CLEVELAND -- Maybe getting to Boston will help. Maybe just seeing the ground of northeast Ohio get farther and farther away from the airplane window will help. It’s fair to say that a flight to almost anywhere from Cleveland will feel good to the Twins.
Minnesota lost its 12th consecutive one-run game at Progressive Field on Thursday, 4-3 to the Guardians, when Angel Martínez singled home José Ramírez with one out in the bottom of the 10th inning. The Twins had rallied from a 2-0 deficit to force extra innings, and took a lead in the top of the 10th, before losing for the third straight day to drop the four-game series.
“Seems to happen a lot at this stadium,” said Carlos Correa, who went 2-for-5 with an RBI.
The defeat came despite the Twins outhitting the Guardians, 13-6. It came despite two seemingly fortuitously timed rain delays that limited Cleveland’s options in deploying an already taxed bullpen.
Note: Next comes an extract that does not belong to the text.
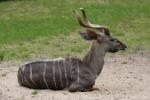 Southern lesser kudu
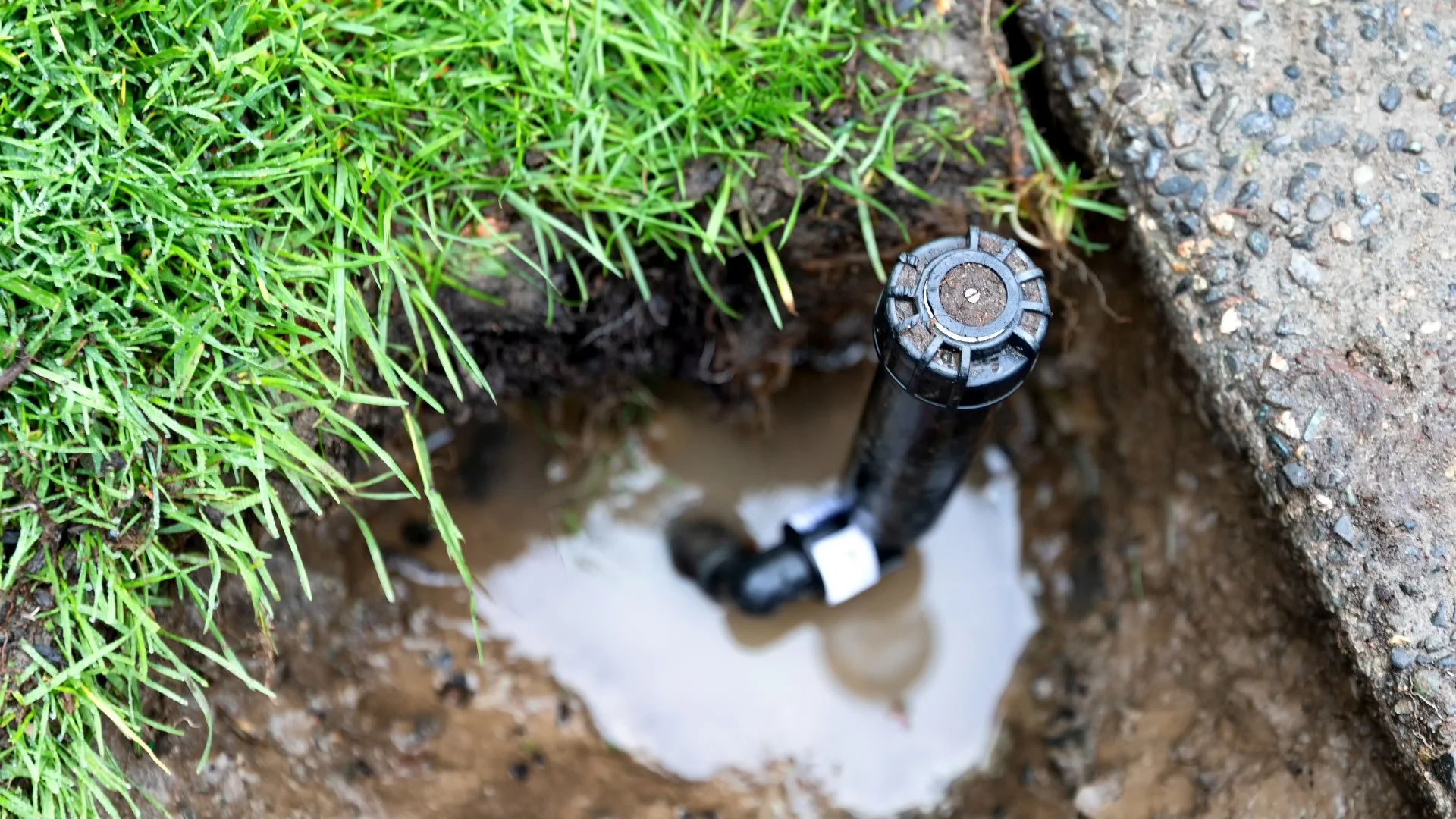 If You Notice These Signs, Your Irrigation System May Be Leaking!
It came after the Twins loaded the bases in both the seventh and eighth innings, and got a leadoff single in the ninth.
Minnesota allowed 10 runs in the final three games of the series, and lost all three. The Twins outscored the home team, 17-11, over the four-game series, and lost three out of four.
“I don't get down coming here or playing these types of games,” said manager Rocco Baldelli. “The Guardians push you in different ways. That's well discussed over the years, in the way that they play and the way they pitch and make plays in the field. They play a certain brand of baseball and you end up in those types of games.”
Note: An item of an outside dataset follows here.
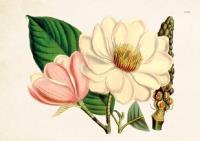 Opakowanie Karnet ST295 B6 + koperta Kwiaty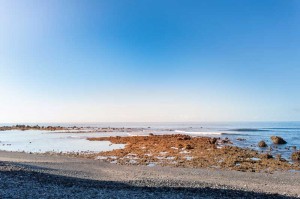 callado-las-galletas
The loss came despite Cole Sands ending a recent slump and getting four big outs, despite Louie Varland and Griffin Jax looking dominant, and despite Jhoan Duran escaping a bases-loaded, one-out jam with a pair of strikeouts in the ninth. It followed Simeon Woods Richardson repeatedly evading trouble through his 4 2/3 innings, limiting Cleveland to two runs even though he walked five.
It came despite Kyle Manzardo dropping a pickoff throw that likely would’ve had Harrison Bader for the second out of the 10th inning. Bader was caught stealing, but the missed out did allow Jonah Bride to come up with a sacrifice fly to briefly put the Twins ahead.
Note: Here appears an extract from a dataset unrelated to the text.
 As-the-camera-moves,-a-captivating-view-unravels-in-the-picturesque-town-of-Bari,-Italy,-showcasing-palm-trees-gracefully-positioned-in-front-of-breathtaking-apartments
It came because somehow, some way, it always seems to happen this way at this place.
Mostly on Thursday, it happened because the Twins simply could not convert offensive opportunities into runs. They went 3-for-14 with runners in scoring position and stranded 12 runners over 10 innings. They were unable to score from a second-and-third, no-out chance in the second, a leadoff double in the fourth, and a one-out double followed by two walks in the eighth.
They simply could not figure out how to get that one key hit.
“If I had that answer we'd be scoring a lot more runs,” said Ty France, who had three more hits on Thursday. “I don't know. We had [13] hits today. I don't think we really did anything wrong. Unfortunately, that's how it's going.”
Dating back to the start of the 2022 season, Minnesota is 1-15 in games decided by two runs or fewer at Progressive Field. The Twins haven’t won a one-run game in Cleveland since August of 2020. The Guardians’ eight walk-off wins against the Twins are the most of any team versus any other team in MLB since the start of ’22.
“It was definitely a weird day,” Correa said, “but it just seems like we keep falling short playing here. We know they’ve got a great team, and we know every time we come here there’s going to be close games. We’re failing to play just good enough to close them out and get the win. I don’t think we’re playing terrible baseball. I think we’re right there. but we’ve got to figure out a way to get those Ws.”